When displaying geophysical data in a map, one may find it difficult to show both the presence of extremes and the subtle variations in the background signal. Histogram equalization is there to help, as it redistributes intensities and increases the contrast. In this new implementation for Python and matplotlib, the equalization is applied to the colormap rather than the data. This allows the user to show the real distribution of intensities on the colorbar. Other ways to improve the visualisation of anomalies and their amplitude are also presented.
Geophysical data typically contain a huge range of values. This is not surprising: geophysicists are interested in anomalies, what is different from the average, i.e. abnormal. So for example, searching for ores or metals underground, one might use a magnetometer to find the presence of magnetic sources. The objective is in this case to locate what is magnetic against what is not, i.e. to find a coherent signal against the noisy background of “normal” rocks.
But sometimes the objective is different: the geophysicist might need to highlight small changes in the background field, and in this case the large anomalies are disturbing the interpretation. This might happen when surveying for deep sources: their weak signal will be dwarfed by the large “noise” produced by shallow features.

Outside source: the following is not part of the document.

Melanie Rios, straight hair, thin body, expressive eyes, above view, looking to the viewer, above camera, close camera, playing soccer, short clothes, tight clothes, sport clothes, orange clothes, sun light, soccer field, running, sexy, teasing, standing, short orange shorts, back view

Visualising data can be a tricky business and a lot has been written or said on the subject. It all depends on what you are trying to demonstrate and the proper use of visualisation techniques can help with your goal. But some techniques might also introduce unreal features, or deceive the reader about the true intensity of the recorded anomalies.
In this post, I am focusing on colormaps and I present histogram equalization as a way to enhance the display of geophysical data in maps. Its effect is compared to the standard linear scaling function. The implementation has been written in Python and makes use of the matplotlib library.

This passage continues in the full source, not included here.